Fear; sheer, unadulterated fear is the catalyst behind our return and our empty threats. So we caught the one we love lying or cheating, again, and said the same words, hurled the same threats. We meant every word we said; for a moment. Then came all those same old doubts; maybe there is something wrong with us, maybe that is why they cheat or lie to us. What if we leave and can't find someone else? What if we do find someone else and they treat us the same way? Maybe we are better off just staying with the one we have, where at least we know what to expect. And even if it is only sometimes, at least this one might love us.
We hate ourselves for staying, for taking them back again, and for saying those same old words... "Here I go again." Facing the friends that we told about our threats is equally painful, because they no long ask why. It is the look in their eyes that sears us to the core. Pity, and a little bit of sorrow for us is mirrored in their eyes. What causes this self-doubt and self-loathing that follows every time we have to say, "Here it comes again?"
It is incredibly painful to totally trust another person, to love them and believe their words, only to see the evidence of their lies that were spoken. It is the beginning of self-doubt; are we a bad judge of character? It is easier to acknowledge that they didn't really mean those hateful words that were flung at us than to imagine that they did. How could anyone who loves us say those kinds of demeaning, hurtful things?

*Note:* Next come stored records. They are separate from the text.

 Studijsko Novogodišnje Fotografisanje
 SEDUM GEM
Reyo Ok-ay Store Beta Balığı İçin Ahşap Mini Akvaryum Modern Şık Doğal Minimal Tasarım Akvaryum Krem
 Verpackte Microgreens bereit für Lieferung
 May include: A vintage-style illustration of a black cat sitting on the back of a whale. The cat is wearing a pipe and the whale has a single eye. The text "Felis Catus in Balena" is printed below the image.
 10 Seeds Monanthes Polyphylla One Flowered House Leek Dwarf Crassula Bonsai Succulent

Cheating and lying are abusive actions; abusers always make their actions the fault of the victim. "See what you made me do?" "If you were a better lover, a better partner... I would not have to cheat to be happy." We are beaten and battered by their words; shock soon gives way to self-doubt and finally to our acceptance that maybe it is us. We have been trained to accept their abuse without question and we begin apologizing for all the things we have failed at. Just after that, the self-loathing begins, because way down deep, we know it isn't true. We hate the sniveling, apologizing person who accepts this kind of treatment and apologizes for being inept or less than was expected.
It takes great courage to win the fight of your life with only your shoes; yet it the only way to win. It begins when you stop saying, "Here I am again; here we go again." It means you must accept that you have value as a human being, that your own personal greatness was instilled in you the moment you were given that first breath of life; that you are not lacking, or at fault. And, that you are no longer willing to accept the responsibility for another person's bad behavior.

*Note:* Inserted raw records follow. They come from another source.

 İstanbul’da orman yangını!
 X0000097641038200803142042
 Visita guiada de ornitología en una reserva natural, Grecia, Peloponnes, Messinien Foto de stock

You have to be willing to accept that they meant every hateful word they said, and that you are no longer willing to be their wailing wall. The only responsibility you still have to accept is that you made a mistake in trusting them. And that is your only mistake. Every time you turn around and say, "Here I am again," you are chipping away a piece of your soul and handing it to an abuser who cares little or nothing about the pain you experienced in tearing it away. You accept the role of willing victim, which in the end is way harder than putting on your shoes and saying, "I'm gone." Courage replaces fear; it is then that you win."